Search code examples
rubyencoding

Remove invalid bytes, keep valid UTF-8 (in Ruby 2)


(I posted a similar problem here, but this new question is not a duplicate).

Using either Ruby 2.6.10 or 1.9.3 is a requirement that the software I'm developing here must run with these:

Small reproducible problem:

b = "L\xF6sé侍"

We have here a string, where one of its one bytes is illegal in UTF-8 (it's the byte with hex F6). The encoding of the String from the Ruby viewpoint is Encoding::UTF_8. Looking at the byte sequence, we can see

p b.bytes.to_a

=>

[76, 246, 115, 195, 169, 228, 190, 141]

My goal is to remove from the string all bytes which are illegal in UTF-8. I want to get in my simple example a string with content "Lsé侍".

I tried

c1 = b.encode('UTF-8', invalid: :replace, replace: '')

but c1 has the same content as b.
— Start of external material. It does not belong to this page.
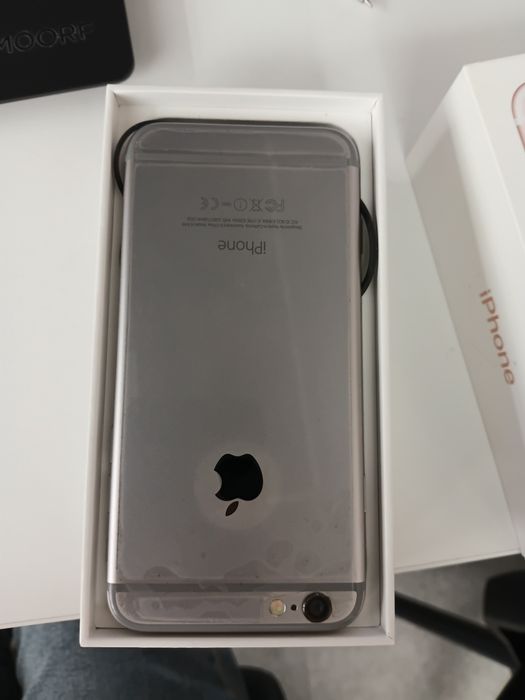 Айфон 6S в хорошем состоянии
Then I tried

b.force_encoding(Encoding::ASCII_UTF8)
c2 = b.encode('UTF-8', invalid: :replace, replace: '')

but this also erases the characters é and 侍, since they are not valid in ASCII.

I also was thinking of putting together a hard coded list of those byte values which are invalid in UTF8, and simply delete them from the string, but this is ugly.

Any ideas how this can be done?

UPDATE: I published the code here based on my experiments in irb, but it turned out that irb seems to behave here a bit different from the non-interactive Ruby. You can find here a screenshot, which is based on the comment given by User @mate. To make it work, I couldn't assign the string in my JRuby program (this would have been rejected at compile time already), but read it from a file (which is what happens in our "real" application anyway).

Hence if you want to reproduce the example, download the file with the erroneous text from this download link and use the following Ruby script to run it:

p RUBY_VERSION
str = File.read("./errf.txt")
p str.bytes.to_a
str2 = str.encode('UTF-8', invalid: :replace, replace: '')
p str2.bytes.to_a

Solution

  • You could split the string by "character", select the valid ones and re-join them into a string again:

    "L\xF6sé侍".each_char.select(&:valid_encoding?).join()
    
    "Lsé侍"